Daniel noticed Jordan biting her nails as they crossed over the five-mile long suspension bridge. “Nervous?”

Jordan recognized her incisive chewing and immediately pulled her hand away from her mouth. “Bad habit.”

“I know,” Daniel responded, “but your leg won’t stop bouncing either. Is it scaring you being on the bridge?”

Jordan looked down to notice her bouncing knee. “It’s not the bridge. I’m really nervous about meeting these new people. What if they suck? We have to live with them.”

Daniel laughed lightly. “We’ll just have to deal I guess.”

Jordan appeared unsatisfied with his answer. “Give me the phone,” she ordered.

“Why?” Daniel countered abruptly.

“I want to call let and let them know that we’ll be there soon.”

Daniel shrugged and pulled the phone out of the black duffel bag in the back seat behind him. He had called them the afternoon of the 24
th
to let them know that they would be arriving in the early afternoon on the 26
th
, but he supposed Jordan was right to be polite and alert them of their near arrival.

She turned on the phone, selected the contact “Carlos and Marie” and hit send. “You got to talk to them last time, I want to hear what they sound like—Hi, Marie? Hi, this is Jordan…Yeah…Yeah, we’re just crossing the bridge now so we should be there in about an hour…Yeah…Okay…Okay see you soon. Thanks. Bye.”

Daniel shook his head. He always found it amusing the way women changed the infliction of their voice when talking to someone they don’t know very well on the phone.

“She sounds nice,” Jordan concluded.

“I’m glad you approve,” Daniel jested.

 

It was just after 12:30 when Daniel and Jordan pulled into the long dirt road that lead back to the house that sat on their hosts’ twenty acre farm. After spending more than an hour driving through the mountainous regions of northern Michigan, Daniel and Jordan found themselves feeling a bit isolated from any form of organized society. Large fields of land were cleared for farming, but they were surrounded by dense forest. Most of the trees were bare except for the snow that rested on their branches, though there were also many coniferous plants which hung onto their needles throughout the winter months.

The two-story grey house could be seen from the road, resting beyond the tundra where crops grew during the summer. The driveway that lead to the house was much longer than it had appeared from the road, and also very slippery—coated by a thin layer of ice. The triangular roof of the house was covered in snow, as well as the lower sections of roof that hung over top of the front porch. As they approached they could see Christmas lights strung along the trimming.

“It’s beautiful,” Jordan commented as they got nearer.

“Certainly is,” Daniel concurred, sticking his head forward to get a full glimpse out the windshield. “And big.”

Though simple and rectangular the house seemed to wield a lot of square footage, and even from the outside had a warm, homey feel to it. This was reinforced by the sight of a plume of grey smoke coming from the chimney.

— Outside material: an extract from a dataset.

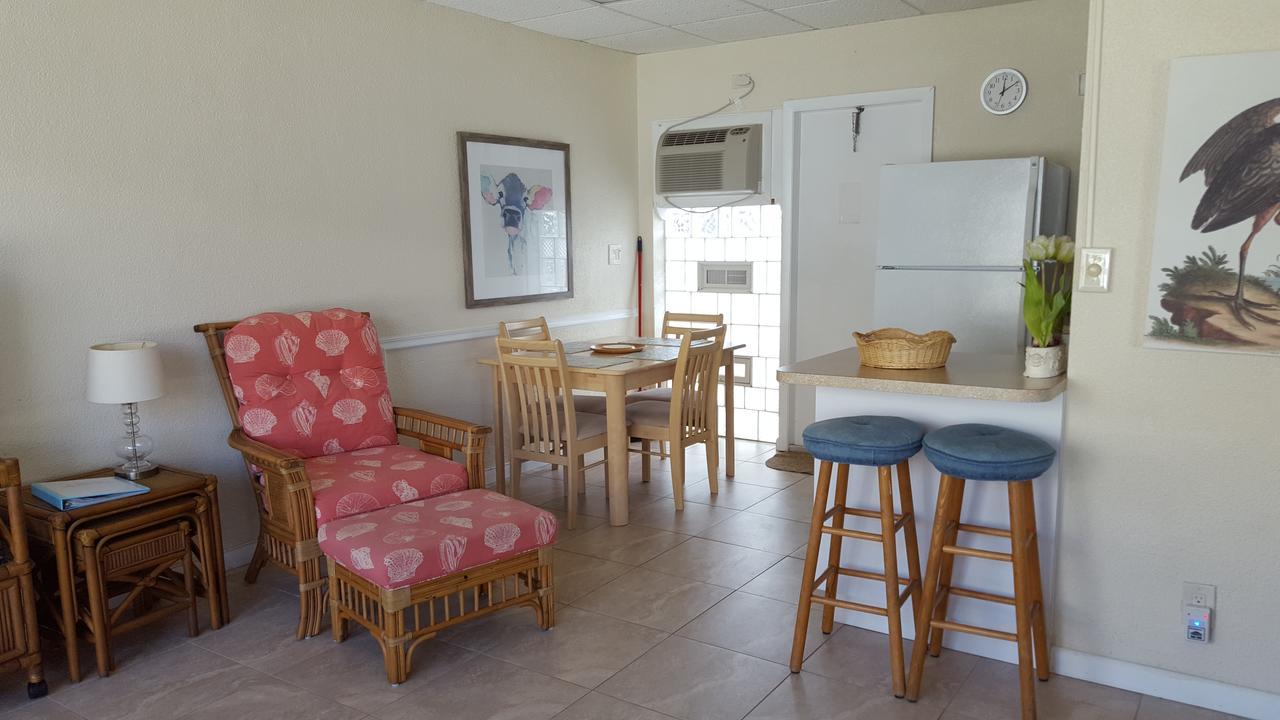 Sunrise Ocean Suites Hillsboro Beach Luaran gambar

As they approached the end of the driveway, the front door opened and a man and woman in their early forties stepped out onto the porch. Daniel spotted what looked like an adequate parking spot off to the side of the house, next to an old Dodge pickup truck. He pulled in and put it in park.

“Now
that’s
how you get around in the snow,” he told Jordan, pointing up at the truck.

Jordan rolled her eyes and got out of the car. “Hi!” She called to the couple on the porch, waving as she made her way to the trunk of the black sedan. The couple waved back with a welcoming smile.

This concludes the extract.